THE number of office spaces that will be built in the Philippines will go down in the next three to five years, mainly due to higher building and construction costs and decreasing demand for office spaces.
During The Manila Times' Online Business Forum titled 'State of the Art in Real Estate' on Wednesday, Sheila Lobien, chief executive officer of Lobien Realty Group, highlighted the state of the country's property sector and the challenges it currently faces. Among these are the increasing cost of construction materials and the decreasing demand for office space acquisition and rentals.
'In terms of supply or the number of office space that we'll build into the market, you'll see that in the next three years, it will go down primarily because building costs are rising, plus the demand for office space is also not that high,' Lobien said.
Based on the data from the Philippine Statistics Authority, the retail prices of construction materials in the National Capital Region (NCR) last February grew at their fastest pace in more than five years, amid supply chain constraints.

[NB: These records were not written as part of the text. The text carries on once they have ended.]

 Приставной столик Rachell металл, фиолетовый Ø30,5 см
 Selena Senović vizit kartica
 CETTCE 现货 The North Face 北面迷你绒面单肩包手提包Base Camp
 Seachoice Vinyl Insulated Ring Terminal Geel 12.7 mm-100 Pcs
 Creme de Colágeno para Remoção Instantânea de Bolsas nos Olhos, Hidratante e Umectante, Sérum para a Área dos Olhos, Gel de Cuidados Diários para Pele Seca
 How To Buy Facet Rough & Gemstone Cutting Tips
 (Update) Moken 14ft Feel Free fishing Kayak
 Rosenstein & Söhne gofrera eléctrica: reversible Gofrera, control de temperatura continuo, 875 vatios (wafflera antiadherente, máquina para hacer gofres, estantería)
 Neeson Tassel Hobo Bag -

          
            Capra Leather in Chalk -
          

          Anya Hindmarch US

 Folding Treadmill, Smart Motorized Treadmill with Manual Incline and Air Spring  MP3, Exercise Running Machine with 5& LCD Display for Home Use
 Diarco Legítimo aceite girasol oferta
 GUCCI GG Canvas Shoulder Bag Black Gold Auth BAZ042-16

PSA said Metro Manila's construction materials retail price index (CMRPI) quickened to 3.3 percent in February from 3 percent in January. This was higher than the 1.1 percent pace in the same month in 2021. This was the highest year-on-year growth for building materials prices in NCR in more than five years, or since the 3.5 percent in November 2016. The February figure also matched the 3.3 percent in July 2018.
'Quickly, you'll see that the number of office spaces that will be built in the next three or five years will go down and the likes of Megaworld, Ayala, and all of the big boys are also very cautious right now. As you know, building costs can be managed if there is a strong demand,' she added.
'So, it's always a question of demand, pricing, etc. If the demand is high, then even though the cost is also moving up, the construction of office spaces will also move up. But if demand is not that high, then it will also go down,' she added.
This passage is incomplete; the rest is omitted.